Like I said, one minute, crying from frustration, the next, pure love.

And then this: I like to joke about the annoying things that kids do, like tell incessant knock-knock jokes or say: "Mom! MOM! Mommy? Mom? Mommy. Mommy!!!!!!"
Last night I followed a link on a blog I read, and I ended up reading some of an Arizona mom's on-line journal about her 5-year old daughter's battle with aggressive brain cancer. She said she used to be the mom who was always complaining about how her kids said her name over and over and over. Now she was lying on her daughter's bed in the hospital begging her to say "mommy" because they feared she's lost her speech as an effect of brain surgery.

Hello, perspective.

Maybe Skyler's boot in my face was not an accident. Maybe the universe is trying to tell me to slow down and be more conscious of how lucky I am.

5 comments:

Donna said...

Oh gosh, what an eye opening post. You are so right. I am the 'Hurry up' Mummy at the moment and I fear when Luke goes to school in a few weeks, and he has to go every day, that I will be even worse!

Perspective. I think I just got some!!

P.S My other blog was randomly shut down by Google. No idea why and they wont re open it so I have started a new one. Address below.

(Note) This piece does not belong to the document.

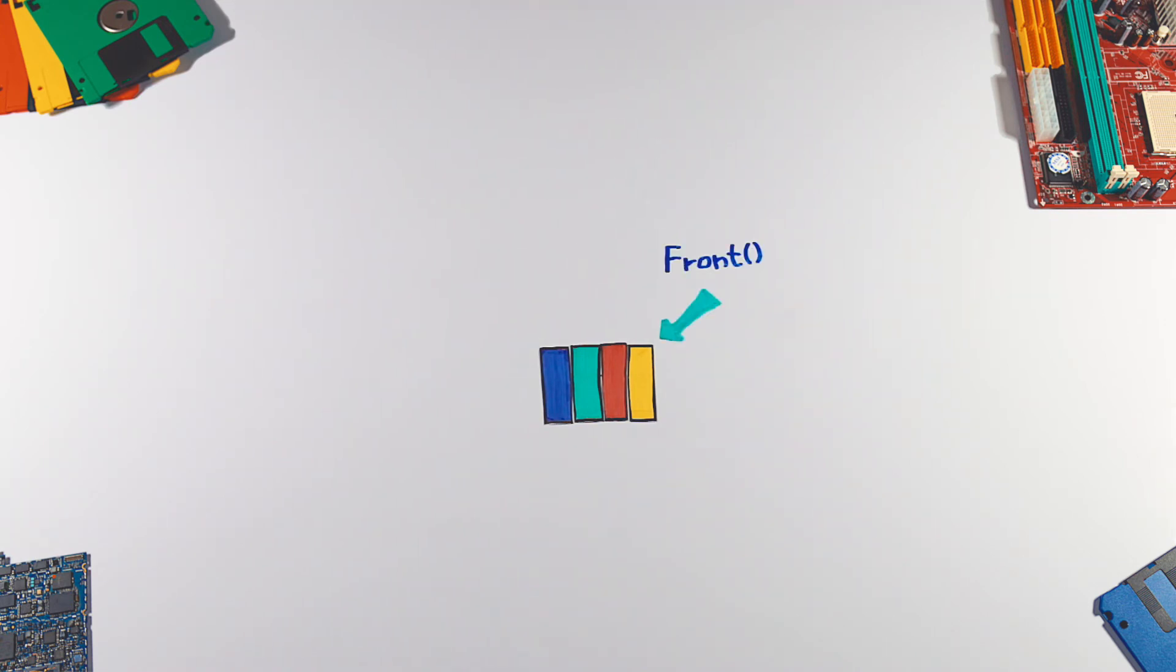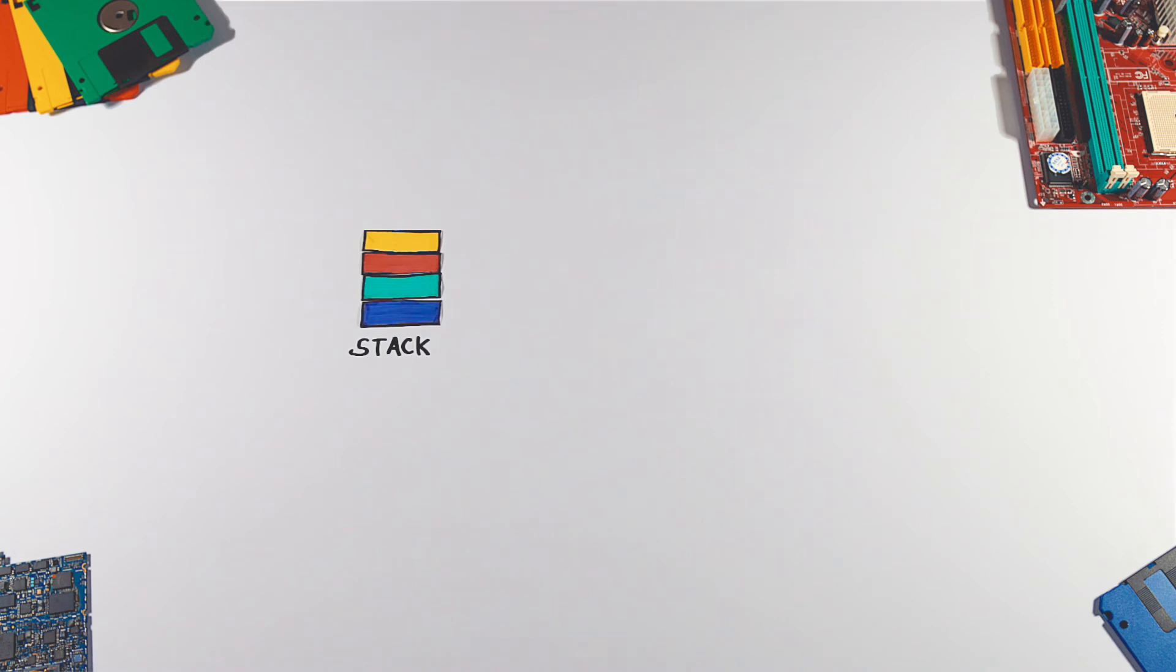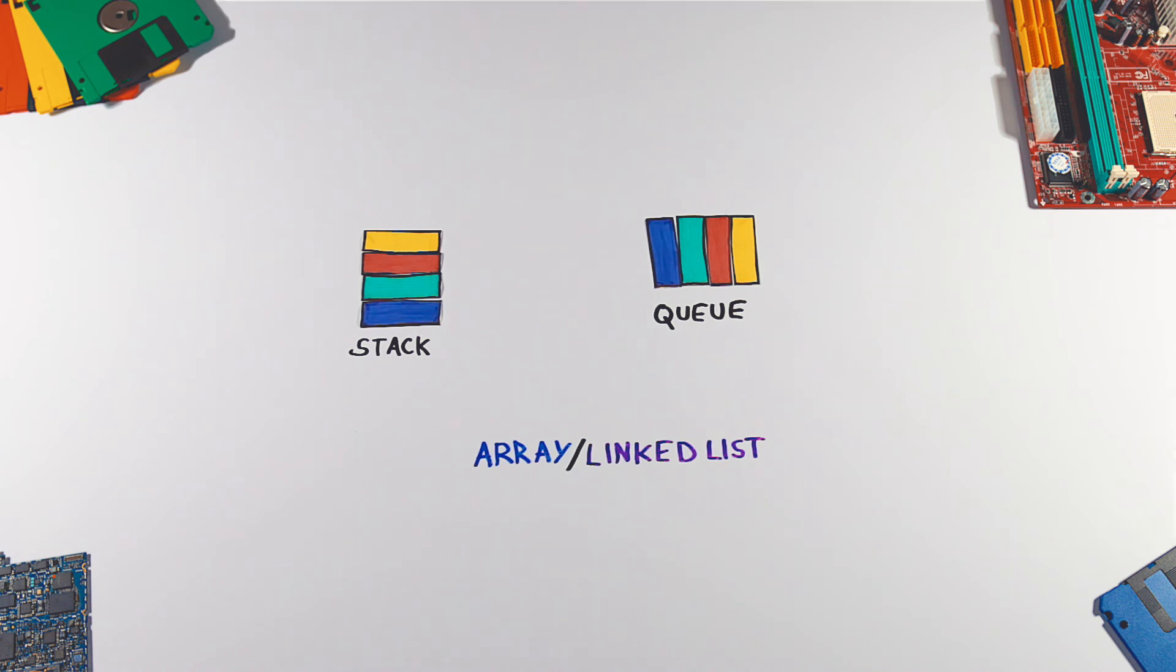To look at the front element we can use the front or peek operation. We can also check if the queue is empty, or in the case of a queue with limited size, if it's full. Same as with stack, queue can be implemented using array, but in most cases linked list is the way to go.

So nice to 'chat' to you again, Emilie :)

Donna
xx

http://5iveby40.blogspot.com/

Christine said...

My sentiments exactly, Emilie! I had a conversation with my mom today about this exact same phenomena. Being a parent is an enormous responsibility and it's so much more difficult when you do it well. You're doing it well, my friend. Boot to the head or not ~ you're doing it well!

Carver Fam said...

i needed this blog post. Thank you.

It sums up so much of my everyday life and emotions.

Joanne said...

Emilie,
You have a wonderful Blog! You may remember me from teaching Chemistry at BHS. I left after 2005 when our son came home that summer - Jose is now 5 years old! I then moved with my husband to South central PA with his work. I enjoy reading your children's comments and this "boot to the face" was one that I have experienced in a different way. I too had a hurry voice that I did not recognize as myself - and I only have one child! All the best to you! - Joanne Miller

Michelle said...

Aghhhhh! Hurry here! Hurry there! That seems to be my life. Every moment of every day. Till bedtime when I'm holding and cuddling and I get teary eyed and plead with God to make this time go by a bit more slowly.

thanks for that post! I needed that!